Q: Of your songs, which is your favorite to perform and why? Of the cover songs?

A: Oh gosh, that’s hard to say. Its always fun to perform a song that the audience responds to. Like I have a song called “Save Your Soul” that’s told from the perspective of three different players involved in a sex scandal. I generally get a good reaction from it and its fun to act out. I’m a bit of a ham.

One cover I like to play is “I Long For Your Kiss” by Lucinda Williams/Duane Jarvis.

Q: What does your creative process look like?
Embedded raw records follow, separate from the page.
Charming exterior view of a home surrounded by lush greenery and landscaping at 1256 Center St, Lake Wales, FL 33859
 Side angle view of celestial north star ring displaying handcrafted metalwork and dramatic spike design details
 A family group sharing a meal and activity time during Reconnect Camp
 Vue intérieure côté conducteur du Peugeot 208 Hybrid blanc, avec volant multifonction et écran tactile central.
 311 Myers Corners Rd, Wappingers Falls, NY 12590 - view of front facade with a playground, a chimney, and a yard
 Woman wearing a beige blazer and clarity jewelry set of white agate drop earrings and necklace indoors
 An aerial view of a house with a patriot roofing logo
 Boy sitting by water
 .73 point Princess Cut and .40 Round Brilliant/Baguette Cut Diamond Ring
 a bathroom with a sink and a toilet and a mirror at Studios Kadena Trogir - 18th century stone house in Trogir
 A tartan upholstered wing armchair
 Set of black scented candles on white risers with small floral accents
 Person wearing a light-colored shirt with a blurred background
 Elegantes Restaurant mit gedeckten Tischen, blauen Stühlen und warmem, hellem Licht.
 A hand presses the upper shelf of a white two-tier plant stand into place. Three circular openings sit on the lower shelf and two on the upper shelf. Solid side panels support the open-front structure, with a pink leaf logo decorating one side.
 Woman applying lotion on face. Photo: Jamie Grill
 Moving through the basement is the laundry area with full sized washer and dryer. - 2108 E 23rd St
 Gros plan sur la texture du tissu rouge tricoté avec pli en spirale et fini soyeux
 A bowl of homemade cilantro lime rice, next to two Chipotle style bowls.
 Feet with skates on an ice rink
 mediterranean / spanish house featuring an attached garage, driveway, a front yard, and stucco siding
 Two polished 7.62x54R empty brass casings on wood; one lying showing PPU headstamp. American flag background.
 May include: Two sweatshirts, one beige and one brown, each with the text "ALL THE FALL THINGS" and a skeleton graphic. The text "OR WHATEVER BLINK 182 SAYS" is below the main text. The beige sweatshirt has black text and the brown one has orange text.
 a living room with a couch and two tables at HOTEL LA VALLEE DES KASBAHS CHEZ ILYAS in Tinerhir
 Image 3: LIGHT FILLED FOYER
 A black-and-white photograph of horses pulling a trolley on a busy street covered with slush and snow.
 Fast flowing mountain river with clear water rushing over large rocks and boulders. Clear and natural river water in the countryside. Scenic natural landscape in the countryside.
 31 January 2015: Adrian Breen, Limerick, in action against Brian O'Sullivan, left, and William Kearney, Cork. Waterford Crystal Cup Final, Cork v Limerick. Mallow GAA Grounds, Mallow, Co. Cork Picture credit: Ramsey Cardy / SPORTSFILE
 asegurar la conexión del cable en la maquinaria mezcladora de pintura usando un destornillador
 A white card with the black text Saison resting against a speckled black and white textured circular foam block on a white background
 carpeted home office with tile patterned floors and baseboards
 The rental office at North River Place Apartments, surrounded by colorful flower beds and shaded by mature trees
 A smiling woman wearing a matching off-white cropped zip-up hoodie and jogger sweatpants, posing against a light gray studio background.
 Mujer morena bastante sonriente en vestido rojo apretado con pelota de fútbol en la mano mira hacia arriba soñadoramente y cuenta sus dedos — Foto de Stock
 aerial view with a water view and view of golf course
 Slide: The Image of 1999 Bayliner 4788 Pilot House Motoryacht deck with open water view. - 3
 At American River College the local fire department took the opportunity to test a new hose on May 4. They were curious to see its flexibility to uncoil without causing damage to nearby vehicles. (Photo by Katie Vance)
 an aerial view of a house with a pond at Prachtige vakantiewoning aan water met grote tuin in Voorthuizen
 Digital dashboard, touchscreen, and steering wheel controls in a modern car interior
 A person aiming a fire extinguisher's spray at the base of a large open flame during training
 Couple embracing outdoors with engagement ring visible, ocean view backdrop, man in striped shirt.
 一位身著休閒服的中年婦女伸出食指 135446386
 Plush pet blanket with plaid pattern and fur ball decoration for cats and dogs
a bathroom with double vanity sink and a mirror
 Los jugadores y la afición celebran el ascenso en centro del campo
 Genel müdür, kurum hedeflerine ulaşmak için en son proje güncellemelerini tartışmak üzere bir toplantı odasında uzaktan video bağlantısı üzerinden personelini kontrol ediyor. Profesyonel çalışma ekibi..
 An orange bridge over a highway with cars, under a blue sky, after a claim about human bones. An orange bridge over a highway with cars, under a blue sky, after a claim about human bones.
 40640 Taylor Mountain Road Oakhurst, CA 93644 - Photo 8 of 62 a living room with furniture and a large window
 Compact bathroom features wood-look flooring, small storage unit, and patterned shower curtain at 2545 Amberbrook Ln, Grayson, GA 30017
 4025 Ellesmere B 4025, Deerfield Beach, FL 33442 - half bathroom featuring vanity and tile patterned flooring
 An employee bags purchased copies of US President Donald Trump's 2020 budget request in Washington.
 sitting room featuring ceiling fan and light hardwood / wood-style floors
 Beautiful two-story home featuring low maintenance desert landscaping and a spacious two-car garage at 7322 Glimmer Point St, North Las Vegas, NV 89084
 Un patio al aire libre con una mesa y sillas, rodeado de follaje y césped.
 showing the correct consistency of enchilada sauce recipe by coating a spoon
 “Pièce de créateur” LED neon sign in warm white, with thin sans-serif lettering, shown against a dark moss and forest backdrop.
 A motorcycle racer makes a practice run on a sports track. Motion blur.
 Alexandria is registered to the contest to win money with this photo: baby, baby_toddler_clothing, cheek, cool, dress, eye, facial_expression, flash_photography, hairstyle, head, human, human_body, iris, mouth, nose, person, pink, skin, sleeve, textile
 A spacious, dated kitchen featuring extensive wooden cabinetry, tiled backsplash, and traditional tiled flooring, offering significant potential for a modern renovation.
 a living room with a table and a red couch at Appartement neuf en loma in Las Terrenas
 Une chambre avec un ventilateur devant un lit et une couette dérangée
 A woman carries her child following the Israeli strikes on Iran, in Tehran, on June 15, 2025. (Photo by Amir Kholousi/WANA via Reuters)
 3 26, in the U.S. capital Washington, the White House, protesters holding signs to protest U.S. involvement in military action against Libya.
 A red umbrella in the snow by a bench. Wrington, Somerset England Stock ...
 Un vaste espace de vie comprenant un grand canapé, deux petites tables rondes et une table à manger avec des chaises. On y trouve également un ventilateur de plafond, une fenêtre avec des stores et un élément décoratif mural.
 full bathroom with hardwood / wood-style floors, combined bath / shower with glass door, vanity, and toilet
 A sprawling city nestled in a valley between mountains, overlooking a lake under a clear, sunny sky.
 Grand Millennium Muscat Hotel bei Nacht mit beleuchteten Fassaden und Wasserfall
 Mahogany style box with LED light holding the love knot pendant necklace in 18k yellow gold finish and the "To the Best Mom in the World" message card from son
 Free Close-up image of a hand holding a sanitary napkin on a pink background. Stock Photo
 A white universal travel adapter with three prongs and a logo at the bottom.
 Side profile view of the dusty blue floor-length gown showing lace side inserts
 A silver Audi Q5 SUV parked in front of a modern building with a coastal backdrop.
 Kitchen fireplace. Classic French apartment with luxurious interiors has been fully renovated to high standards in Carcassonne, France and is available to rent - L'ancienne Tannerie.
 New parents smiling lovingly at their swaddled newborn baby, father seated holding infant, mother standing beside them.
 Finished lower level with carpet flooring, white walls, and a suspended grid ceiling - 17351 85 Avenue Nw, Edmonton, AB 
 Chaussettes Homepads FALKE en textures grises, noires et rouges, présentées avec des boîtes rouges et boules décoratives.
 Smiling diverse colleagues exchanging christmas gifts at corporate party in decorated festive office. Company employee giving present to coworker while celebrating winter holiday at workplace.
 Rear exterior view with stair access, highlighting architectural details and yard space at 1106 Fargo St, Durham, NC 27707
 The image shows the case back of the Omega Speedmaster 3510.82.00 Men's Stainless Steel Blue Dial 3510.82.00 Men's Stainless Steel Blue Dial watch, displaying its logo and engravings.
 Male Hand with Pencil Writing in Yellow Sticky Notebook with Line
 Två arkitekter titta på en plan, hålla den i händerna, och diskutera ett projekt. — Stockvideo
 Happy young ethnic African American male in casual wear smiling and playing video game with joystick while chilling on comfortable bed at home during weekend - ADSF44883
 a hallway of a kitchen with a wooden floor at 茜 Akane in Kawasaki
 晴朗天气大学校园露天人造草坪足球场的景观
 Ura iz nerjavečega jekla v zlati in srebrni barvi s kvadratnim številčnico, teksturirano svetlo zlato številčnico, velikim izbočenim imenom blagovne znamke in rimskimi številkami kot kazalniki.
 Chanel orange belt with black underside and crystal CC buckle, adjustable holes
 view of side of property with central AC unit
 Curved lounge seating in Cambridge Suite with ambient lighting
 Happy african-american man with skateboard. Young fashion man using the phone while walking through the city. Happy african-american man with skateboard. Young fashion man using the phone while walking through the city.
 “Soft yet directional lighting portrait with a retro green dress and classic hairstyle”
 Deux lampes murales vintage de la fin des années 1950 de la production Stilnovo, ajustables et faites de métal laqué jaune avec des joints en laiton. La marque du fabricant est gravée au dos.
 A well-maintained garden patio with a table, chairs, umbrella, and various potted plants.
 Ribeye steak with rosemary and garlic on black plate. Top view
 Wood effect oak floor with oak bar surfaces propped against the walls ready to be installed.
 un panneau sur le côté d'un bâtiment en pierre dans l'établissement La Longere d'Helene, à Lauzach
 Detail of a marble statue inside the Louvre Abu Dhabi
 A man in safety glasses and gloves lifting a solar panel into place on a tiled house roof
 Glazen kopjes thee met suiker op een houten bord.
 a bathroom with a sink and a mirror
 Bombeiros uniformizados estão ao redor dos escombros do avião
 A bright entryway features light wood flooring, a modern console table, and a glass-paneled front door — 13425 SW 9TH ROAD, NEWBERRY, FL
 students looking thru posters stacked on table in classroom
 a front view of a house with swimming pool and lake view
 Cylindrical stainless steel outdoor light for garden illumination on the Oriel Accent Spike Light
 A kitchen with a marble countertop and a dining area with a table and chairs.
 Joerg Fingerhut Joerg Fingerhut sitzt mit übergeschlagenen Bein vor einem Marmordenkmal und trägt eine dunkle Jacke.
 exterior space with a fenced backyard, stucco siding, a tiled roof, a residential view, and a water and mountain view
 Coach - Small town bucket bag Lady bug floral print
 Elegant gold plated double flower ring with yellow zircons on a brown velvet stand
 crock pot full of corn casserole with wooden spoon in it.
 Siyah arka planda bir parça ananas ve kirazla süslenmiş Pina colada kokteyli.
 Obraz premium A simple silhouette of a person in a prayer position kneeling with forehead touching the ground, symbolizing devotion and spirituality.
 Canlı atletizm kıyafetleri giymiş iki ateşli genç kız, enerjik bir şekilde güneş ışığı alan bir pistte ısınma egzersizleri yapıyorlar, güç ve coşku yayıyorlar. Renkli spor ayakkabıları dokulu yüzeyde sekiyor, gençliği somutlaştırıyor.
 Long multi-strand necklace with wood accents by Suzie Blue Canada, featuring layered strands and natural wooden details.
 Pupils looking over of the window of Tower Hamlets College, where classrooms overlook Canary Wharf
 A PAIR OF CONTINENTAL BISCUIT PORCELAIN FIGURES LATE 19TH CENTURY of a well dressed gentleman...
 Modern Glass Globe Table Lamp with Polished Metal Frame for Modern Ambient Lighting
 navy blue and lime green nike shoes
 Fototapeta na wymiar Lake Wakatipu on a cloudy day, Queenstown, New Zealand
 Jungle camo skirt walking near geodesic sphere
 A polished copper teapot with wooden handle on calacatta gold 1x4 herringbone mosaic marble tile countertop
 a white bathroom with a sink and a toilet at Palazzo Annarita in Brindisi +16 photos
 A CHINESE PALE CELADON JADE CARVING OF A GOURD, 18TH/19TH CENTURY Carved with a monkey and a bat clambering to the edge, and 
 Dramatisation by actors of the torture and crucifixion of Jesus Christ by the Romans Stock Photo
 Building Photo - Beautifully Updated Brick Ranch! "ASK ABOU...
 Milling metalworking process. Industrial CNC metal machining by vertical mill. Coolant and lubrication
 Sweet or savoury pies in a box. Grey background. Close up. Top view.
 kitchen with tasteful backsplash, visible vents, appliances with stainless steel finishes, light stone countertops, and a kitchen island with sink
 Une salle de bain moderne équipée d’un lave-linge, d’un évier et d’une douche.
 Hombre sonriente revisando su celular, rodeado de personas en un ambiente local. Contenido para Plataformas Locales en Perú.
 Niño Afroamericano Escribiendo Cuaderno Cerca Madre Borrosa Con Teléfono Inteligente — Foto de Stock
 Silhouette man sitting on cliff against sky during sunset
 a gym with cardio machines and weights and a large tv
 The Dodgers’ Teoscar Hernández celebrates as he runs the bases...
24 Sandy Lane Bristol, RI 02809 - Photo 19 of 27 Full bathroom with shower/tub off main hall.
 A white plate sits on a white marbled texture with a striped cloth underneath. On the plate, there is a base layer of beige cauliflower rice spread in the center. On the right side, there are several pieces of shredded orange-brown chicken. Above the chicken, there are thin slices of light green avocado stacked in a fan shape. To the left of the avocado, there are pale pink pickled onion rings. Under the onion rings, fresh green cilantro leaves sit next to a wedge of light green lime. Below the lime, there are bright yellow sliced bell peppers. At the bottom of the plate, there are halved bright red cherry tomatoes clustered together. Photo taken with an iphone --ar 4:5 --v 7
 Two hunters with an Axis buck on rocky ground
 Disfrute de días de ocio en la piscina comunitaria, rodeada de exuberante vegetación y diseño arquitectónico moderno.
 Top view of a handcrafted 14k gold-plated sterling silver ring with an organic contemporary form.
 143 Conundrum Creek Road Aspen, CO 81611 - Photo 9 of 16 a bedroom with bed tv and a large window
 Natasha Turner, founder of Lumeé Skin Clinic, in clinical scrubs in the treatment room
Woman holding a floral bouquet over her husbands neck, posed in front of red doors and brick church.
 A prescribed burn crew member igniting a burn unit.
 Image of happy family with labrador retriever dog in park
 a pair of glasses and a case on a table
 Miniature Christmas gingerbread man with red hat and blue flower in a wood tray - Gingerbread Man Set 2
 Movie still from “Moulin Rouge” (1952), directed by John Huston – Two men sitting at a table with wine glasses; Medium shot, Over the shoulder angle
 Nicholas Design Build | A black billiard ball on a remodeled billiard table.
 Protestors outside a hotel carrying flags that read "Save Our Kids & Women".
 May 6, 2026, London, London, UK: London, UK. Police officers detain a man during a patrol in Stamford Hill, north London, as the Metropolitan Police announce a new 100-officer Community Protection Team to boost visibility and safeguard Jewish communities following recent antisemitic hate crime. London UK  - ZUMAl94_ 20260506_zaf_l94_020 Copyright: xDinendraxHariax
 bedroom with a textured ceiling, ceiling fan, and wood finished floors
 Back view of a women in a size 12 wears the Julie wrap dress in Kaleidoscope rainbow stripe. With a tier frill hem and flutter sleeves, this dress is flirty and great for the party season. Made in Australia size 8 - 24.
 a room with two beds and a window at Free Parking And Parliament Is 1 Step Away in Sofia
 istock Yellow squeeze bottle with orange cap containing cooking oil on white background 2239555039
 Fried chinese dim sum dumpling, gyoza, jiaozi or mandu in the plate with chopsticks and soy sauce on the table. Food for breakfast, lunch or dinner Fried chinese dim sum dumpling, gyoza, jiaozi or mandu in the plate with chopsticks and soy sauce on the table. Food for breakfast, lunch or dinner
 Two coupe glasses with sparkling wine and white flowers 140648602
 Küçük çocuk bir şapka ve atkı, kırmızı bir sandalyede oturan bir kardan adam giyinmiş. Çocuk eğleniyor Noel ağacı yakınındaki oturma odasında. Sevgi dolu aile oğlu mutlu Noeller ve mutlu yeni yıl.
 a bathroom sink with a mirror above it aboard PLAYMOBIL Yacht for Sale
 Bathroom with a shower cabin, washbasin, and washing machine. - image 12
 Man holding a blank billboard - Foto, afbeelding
How do you come up with ideas and new songs?

A: I think I’m not the first person to say that the songwriting process is somewhat mysterious.

Marybeth

Often I sit down on the couch and mess around with some chords, then sing something meaningless over it.

If I’m lucky, the melody immediately suggests to me what the song should be. Like, one day I was messing around with what sounded sort of like a bluegrass picking to me. It made me think of a prairie wife who was looking across the fields and was mourning her little one. I started singing something immediately and the song “Where I Lay My Baby Down” was finished in about a half an hour. But those are the rare ones. Most take more work.

Sometimes I have an entire melody without a theme, then I write the lyrics. I nearly always write the lyrics on computer.

Q: What was the first song you wrote and do you still play it?

A: I wrote a song called “Bad Girl” about a girl who never does what she’s supposed to. It was actually based on a post that a young girl I knew made on an Internet chat board, and it had all sorts of interesting details in it, like how she stole some money to buy a guitar.

Little details like that make a song very authentic. But I don’t perform that song anymore, because I later wrote what I thought was a stronger song on a similar theme, called Summa Cum Laude, which is on my EP “Waiting to Fly.” It’s about a young woman who always did what was expected of her, but decides she’s not going to do that anymore.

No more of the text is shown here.